I agree with Deputy Brennan when he says it behoves every Deputy and every citizen to appreciate the fact that the Minister for Supplies has one of the most difficult tasks of any Minister of State at present. I do not think there are many people in the country who are under any illusion about that fact. They all recognise his difficulties, and they all recognise that, do his best, he is not in a position to provide everybody with 100 per cent. of what they want, or of what they were getting pre-war. Nobody expects that he should, but I think that, if we understand his position, and endeavour to make allowances for the difficulties with which he is confronted, he on his side should realise that nobody in the country is asking for miracles or hoping for miracles. All they are asking for is commonsense, and it is when commonsense is not displayed that the people evince irritation and exasperation, as they very frequently have done and as each one of us in this House must have at one time or another experienced ourselves.

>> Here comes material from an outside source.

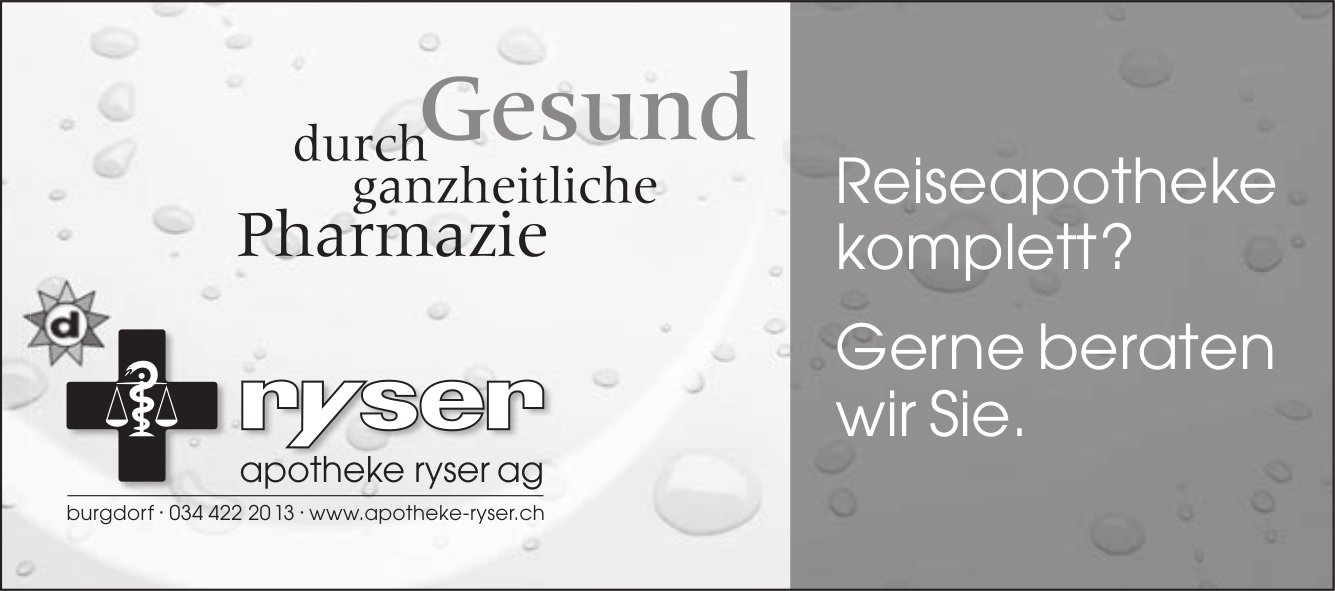 Apotheke Ryser AG, Burgdorf - Reiseapotheke komplett?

It is true that the censorship has operated to make a very large number of our people, and indeed a large number of Deputies, labour under the delusion that the war is being fought on some distant planet, and that really this country should not experience any serious repercussions from what is going on in the world; but I think that at least one ray of light is beginning to shine in the Stygian darkness of the Fianna Fáil mind, that is, that the national self-sufficiency they were so fond of in their salad days is not as happy a state of affairs as they thought it was going to be. They are now experiencing about 50 per cent. national self-sufficiency, and their lamentations are heard upon the breeze. They are hellbent for 90 per cent. national self-sufficiency in the course of the next 12 months, and, judging by appearances, they will make the welkin ring when they get it. But for what we are getting from Great Britain at present— carried to Britain in British ships by British sailors, and convoyed by British warships, and then forwarded to us— we would be experiencing 85 per cent. national self-sufficiency at this moment, and the boys would not like it, although they have been clamouring for it for the last 15 years. I wonder do the Fianna Fáil Party realise that this is national self-sufficiency? This is a handsome instalment, delivered to them by the Government of the Third Reich, of national self-sufficiency. Hitler has got for them what they could not get for themselves, and they do not like it. Will they preserve this wisdom that they have acquired, because if they do it will be a very small patch of silver lining on the dark clouds that are hanging over this country at the present time?
I hear a number of comments and criticisms in respect of the individual follies of the Minister at the present time. Has it not occurred to this House that the common source of most of these follies is that the Minister's familiarity, in the last ten years, with the tariff racketeers has persuaded him that everybody who goes into his Department is a rogue? The Minister has met so many rogues and done business with so many rogues during the past ten years, he has found out that so many people who went to him with glib professions of enthusiastic patriotism, were thinking only of their own interests, were simply bent on lining their own pockets, and were nothing more or less than rogues, that every genuine person now is received in the Department of Supplies as if he were a rogue. Now, honest men do not like to be treated as if they are rogues. When they go to the Department of Supplies in connection with a licence, or some such matter, and state their business, they do not like to have it said to them: "What you are saying is one thing, but what you mean is another." That is good enough for the tariff racketeers, and it is probably true of the tariff racketeers, but it is time that the Minister for Supplies woke up to the fact that he is no longer the Minister for Industry and Commerce dealing with racketeers— racketeers of his own making, racketeers of his own political household. The Department of Supplies has brought him into contact with the honest men of this country, and they are entitled to be treated as honest men. They do not want to be lumped together with the racketeers. They do not want to be treated with the cynical tolerance which the Minister has shown to the racketeers. They want to be treated with the common respect that is due to decent men, who come of decent people, and who are not afraid to have their lineage investigated.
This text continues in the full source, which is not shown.